Mapping Epitopes Recognised by Autoantibodies Shows Potential for the Diagnosis of High-Grade Serous Ovarian Cancer and Monitoring Response to Therapy for This Malignancy

SIMPLE SUMMARY: Most women are diagnosed with high-grade serous ovarian cancer (HGSOC) at stage III, when the cancer has already spread, contributing to poor survival outcomes.
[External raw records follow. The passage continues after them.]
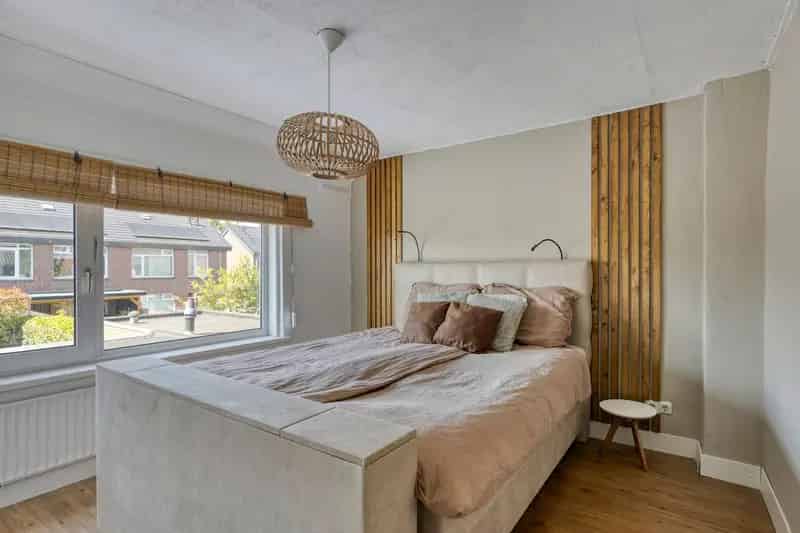 Uitgebouwde Tussenwoning Nijkerk 3 Slaapkamers Tuin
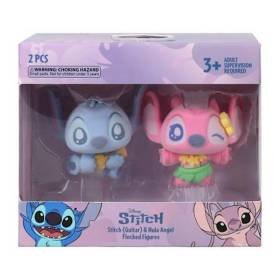 Figura Colección Disney Stitch Flocked Guitar Set Regalo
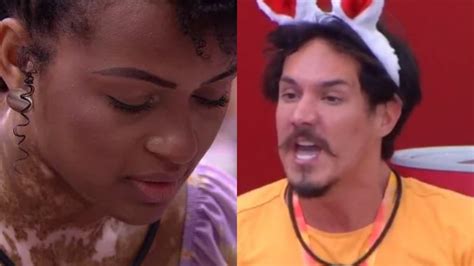 Bbb22 Natália Se Irrita Após Briga Com Eliezer E Diz Que Não Se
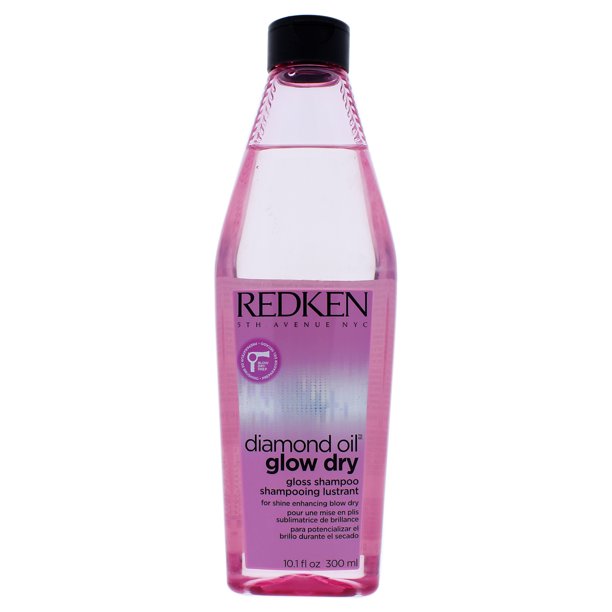 Redken Diamond Oil Glow Dry Shampoo For Shine Anhancing Blow Dry 300 ml / 10.1 oz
However, while earlier diagnosis increases survival rates, there is a lack of early diagnosis biomarkers. Previously, autoantibodies specific for phosphorylated heat shock factor 1 (HSF1-PO4) were suggested as a potential diagnostic biomarker for early-stage HGSOC. In the present study, specific regions within HSF1 were identified, tested and confirmed as useful biomarkers, with comparable diagnostic potential to the full protein, across two separate clinical cohorts. Additionally, antibody responses to HSF1-PO4 and the corresponding peptides were found to increase following a round of standard first-line chemotherapy. Together, our data suggest that the identified short peptide sequences could be used as practical alternatives to support early diagnosis or monitor responses to chemotherapy. ABSTRACT: Autoantibodies recognising phosphorylated heat shock factor 1 (HSF1-PO4) protein are suggested as potential new diagnostic biomarkers for early-stage high-grade serous ovarian cancer (HGSOC). We predicted in silico B-cell epitopes in human and murine HSF1. Three epitope regions were synthesised as peptides. Circulating immunoglobulin A (cIgA) against the predicted peptide epitopes or HSF1-PO4 was measured using ELISA, across two small human clinical trials of HGSOC patients at diagnosis. To determine whether chemotherapy would promote changes in reactivity to either HSF1-PO4 or the HSF-1 peptide epitopes, IgA responses were further assessed in a sample of patients after a full cycle of chemotherapy. Anti-HSF1-PO4 responses correlated with antibody responses to the three selected epitope regions, regardless of phosphorylation, with substantial cross-recognition of the corresponding human and murine peptide epitope variants. Assessing reactivity to individual peptide epitopes, compared to HSF1-PO4, improved assay sensitivity. IgA responses to HSF1-PO4 further increased significantly post treatment, indicating that HSF1-PO4 is a target for immunity in response to chemotherapy. Although performed in a small cohort, these results offer potential insights into the interplay between autoimmunity and ovarian cancer and offer new peptide biomarkers for early-stage HGSOC diagnosis, to monitor responses to chemotherapy, and widely for pre-clinical HGSOC research.